The agency we were working for presented some unique challenges and requirements. For example, the workers have their own union with specific service-level agreements (SLAs) in place. This meant that the solution for each user had to look and feel like the user’s existing desktop and, if there was degradation in performance, SLAs would be violated. This also meant that network performance was critical and that we had to take extra care to ensure that bandwidth and port counts were adequate to support the expected number of simultaneous users.

Because of the requirement to look and feel like the existing environment, there were initially many desktop baselines. We could not simply pick a single baseline configuration to clone or use to build each desktop. Some existing baselines contained legacy applications with hard-coded references to the desktop C:\ drive, which meant that a significant amount of additional storage had to be allocated for each C:\ drive.

Finally, in addition to providing the same look and feel, we had to provide collaboration tools to make it easy for remote users to work together, as well as offer adequate support and training.

Solution Alternatives

We initially considered four possible solution alternatives:

  • Rack and Stack. Physical desktops are relocated to the machine room and made accessible via remote desktop protocol (RDP) and virtual private network (VPN). This had the advantage of being fast and simple, but had big disadvantages in terms of space, power, and logistics.
  • Blade Servers. Provision one blade to replace each desktop. This solution was also relatively fast to implement but, again, resource intensive. Initial experience with this approach within the agency had not been favorable.
  • Terminal Servers. This approach had also been previously tried within the agency. While more resource efficient, it had the disadvantage of changing the look and feel substantially and also created problems for legacy applications.
  • Virtual Desktop Infrastructure. Of the four options, VDI was best able to address the challenges and requirements. However, because it would require a more involved deployment it would be unable to meet the aggressive mandated deadline.

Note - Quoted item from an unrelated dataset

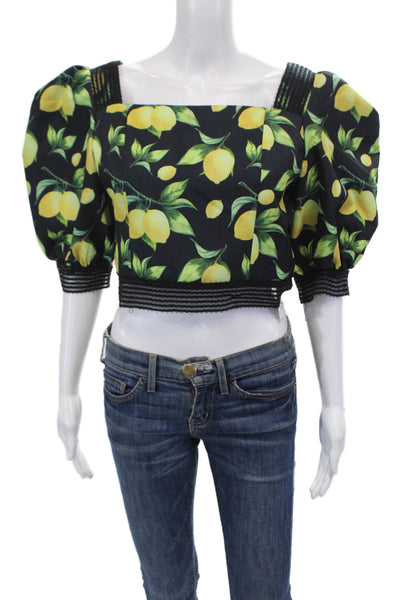 Beulah Women's Square Neck Short Sleeves Lace Trim Lemon Print Blouse Size L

Scorecard showing the relative ranking of various approaches versus requirements.

Figure 1) Scorecard showing the relative ranking of various approaches versus requirements.

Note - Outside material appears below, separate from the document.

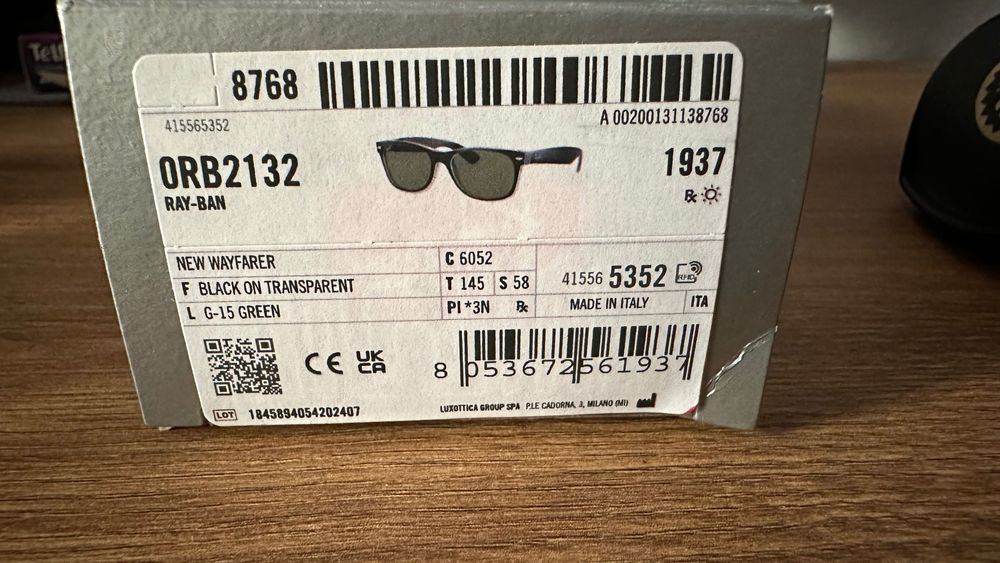 Ray-Ban New Wayfarer Okulary przeciwsłoneczne RB 2132 roz. L - 58 nowe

Because of the aggressive mandate for getting a solution in place, we ultimately decided on a two-stage rollout. We started with rack and stack as a cheap and easy way to get the process started—despite the complications it created in terms of server room space, extra network infrastructure, and other similar requirements.

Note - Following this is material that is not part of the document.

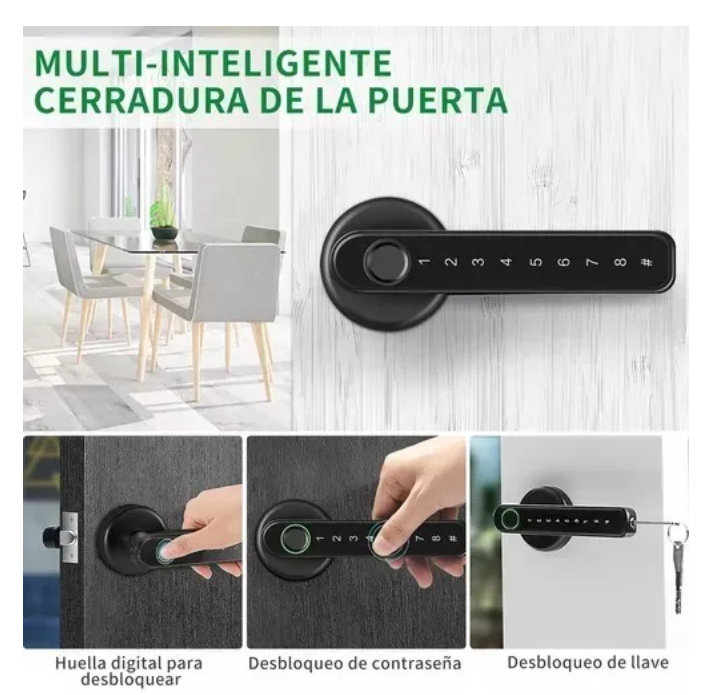 Foto 8 pulgar | Puerta Manija Inteligente Cerradura Biométrica Huella Dactil T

Ultimately, we converted to a full VDI implementation using VMware and NetApp. This required additional training as well as some infrastructure changes, but was much better able to address the full project requirements. Because PPC already had substantial experience with VDI deployments on VMware and NetApp, we were able to quickly create a complete lifecycle management plan that addressed all of the agency’s specific requirements.

NetApp was selected as the storage solution for a variety of reasons, including:

  • The NetApp Unified Storage Architecture increased our operational flexibility and simplified administration
  • Superior backup and recovery for virtual desktops and user data
  • Ability to incorporate third-party storage arrays
  • Robust CIFS implementation for home directory support

Solution Architecture

The current VDI solution architecture is illustrated in Figure 2. (Because this project began in 2005, the infrastructure has evolved over time from VMware ESX 2.x to the current ESX 3.x.)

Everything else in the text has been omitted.